Extracted data:

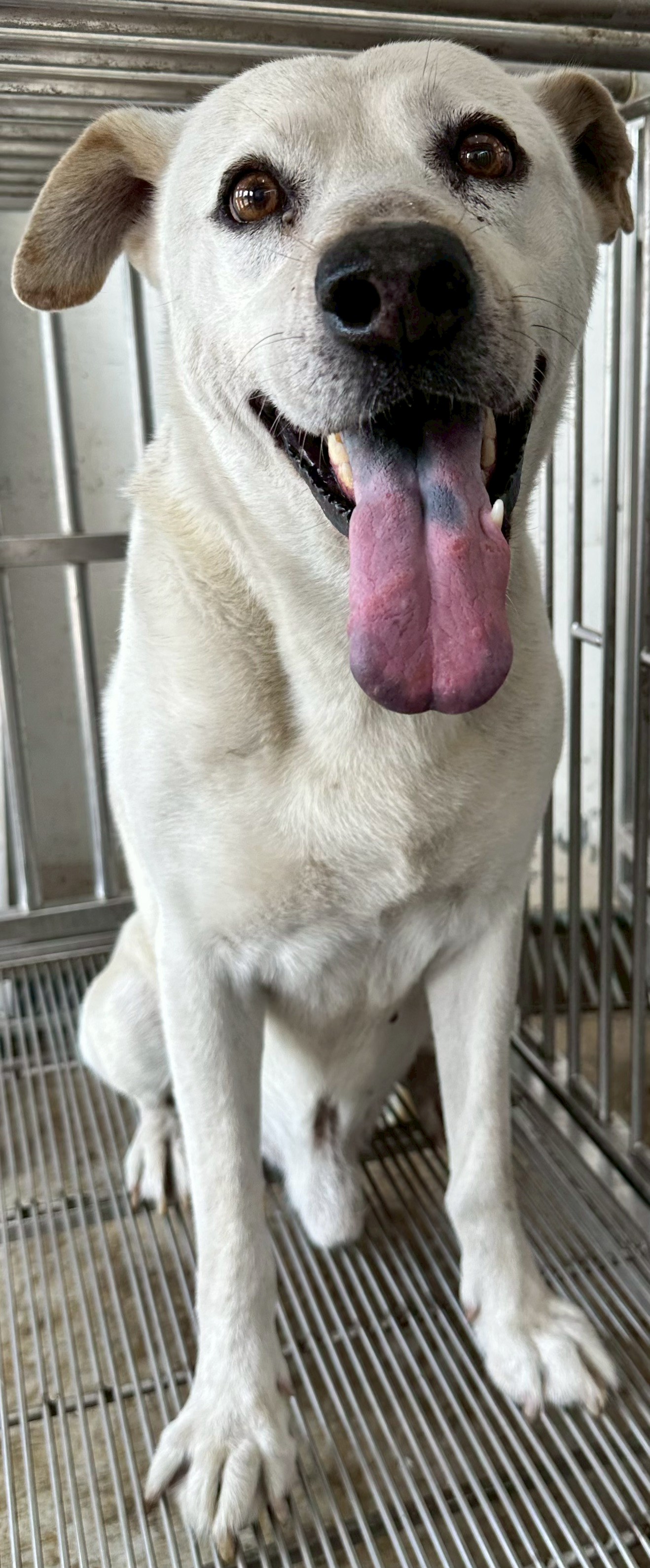 花蓮縣待認養狗 混種犬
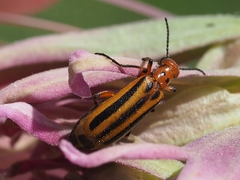 Pyrota discoidea
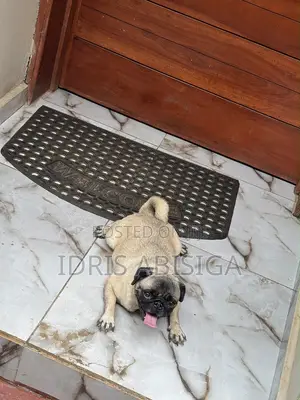 1+ year Female Purebred Pug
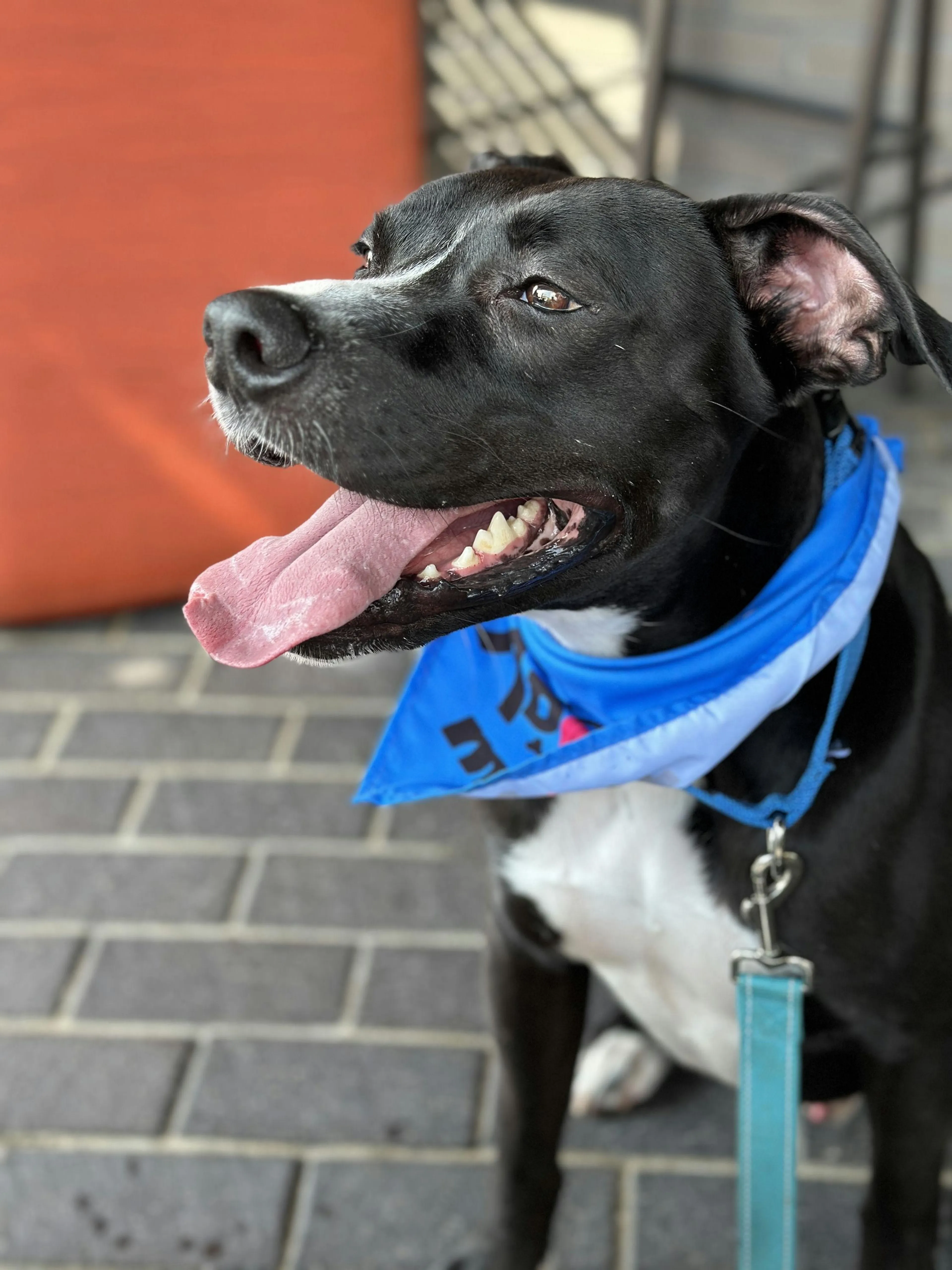 Found pet-3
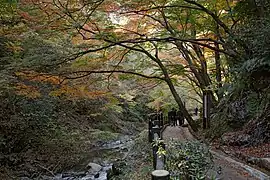 Parc de Tsudzumigataki.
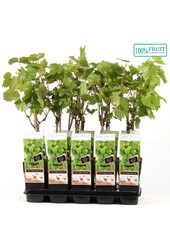 Vitis Himrod (kernlos) P15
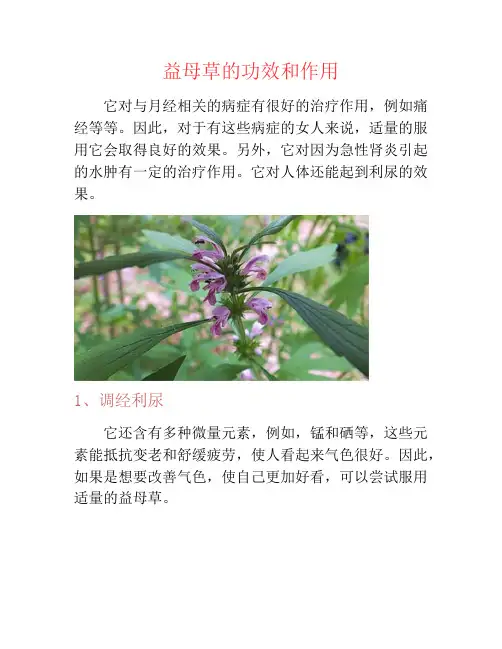 益母草的功效和作用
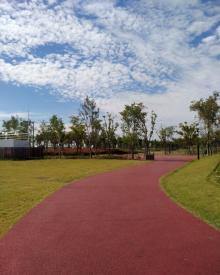 春花秋色城市公园2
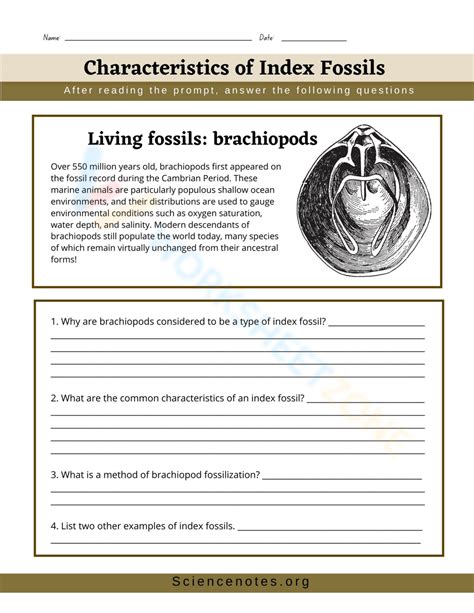 Index Fossils Worksheet Pdf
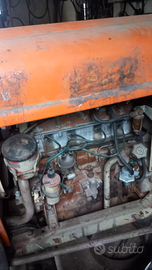Trattore fiat 312 benzina
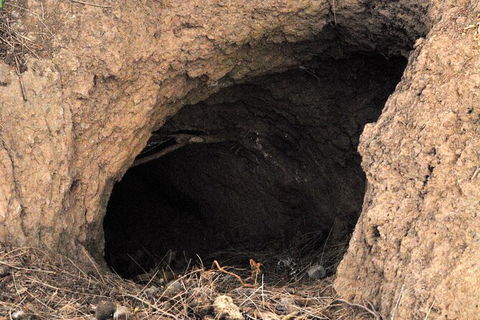 Walking With Wild Wombats Private Day Trip From Sydney - Find Attractions 3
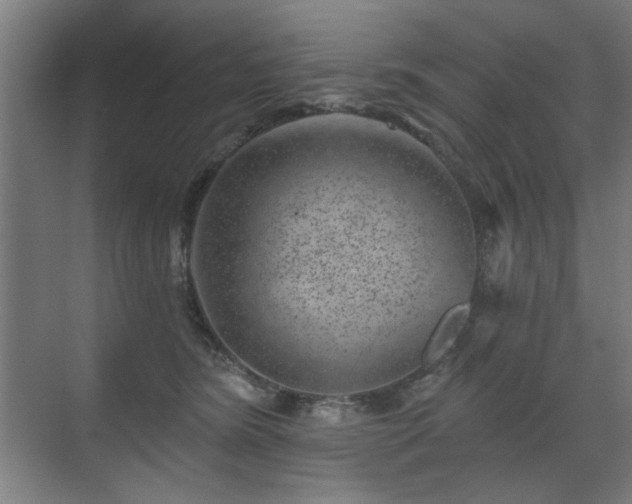 X0000071340420200606261321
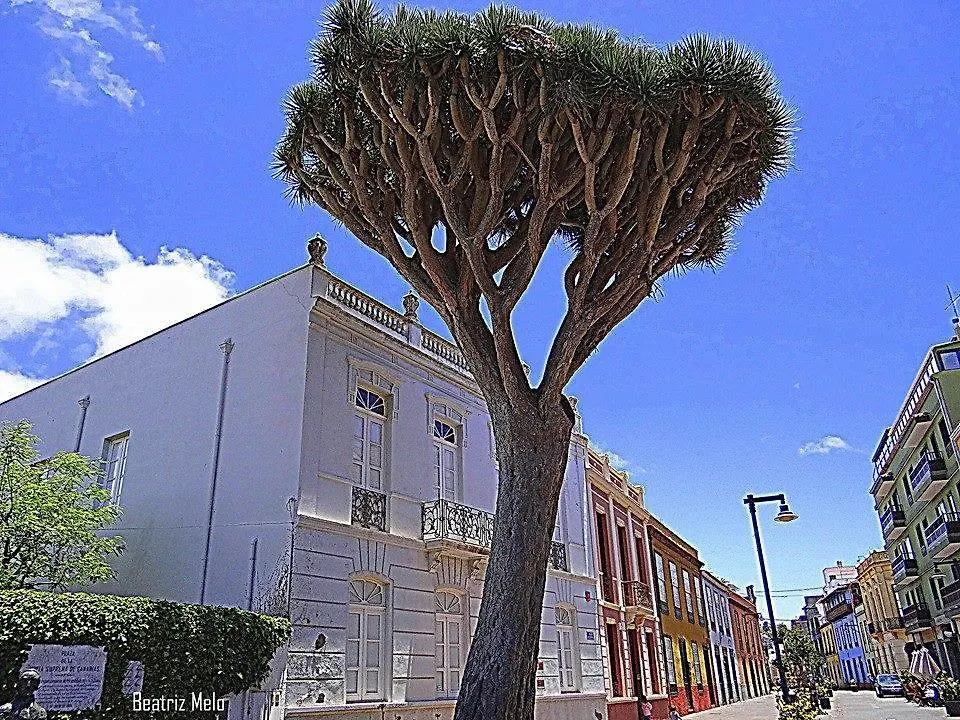 Apartment Apartamento Belen La Laguna  Spain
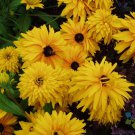 200 Double Golden Gloriosa Rudbeckia Seeds Fresh Seeds Fast Shipping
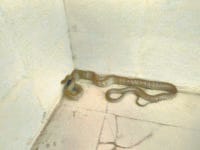 8 foot long snake at hospital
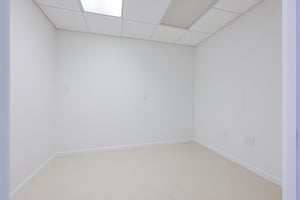 31061988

What is expected: Repeat the records above word for word, keeping no pictures in the copy.

Answer:
 花蓮縣待認養狗 混種犬
 Pyrota discoidea
 1+ year Female Purebred Pug
 Found pet-3
 Parc de Tsudzumigataki.
 Vitis Himrod (kernlos) P15
 益母草的功效和作用
 春花秋色城市公园2
 Index Fossils Worksheet Pdf
Trattore fiat 312 benzina
 Walking With Wild Wombats Private Day Trip From Sydney - Find Attractions 3
 X0000071340420200606261321
 Apartment Apartamento Belen La Laguna  Spain
 200 Double Golden Gloriosa Rudbeckia Seeds Fresh Seeds Fast Shipping
 8 foot long snake at hospital
 31061988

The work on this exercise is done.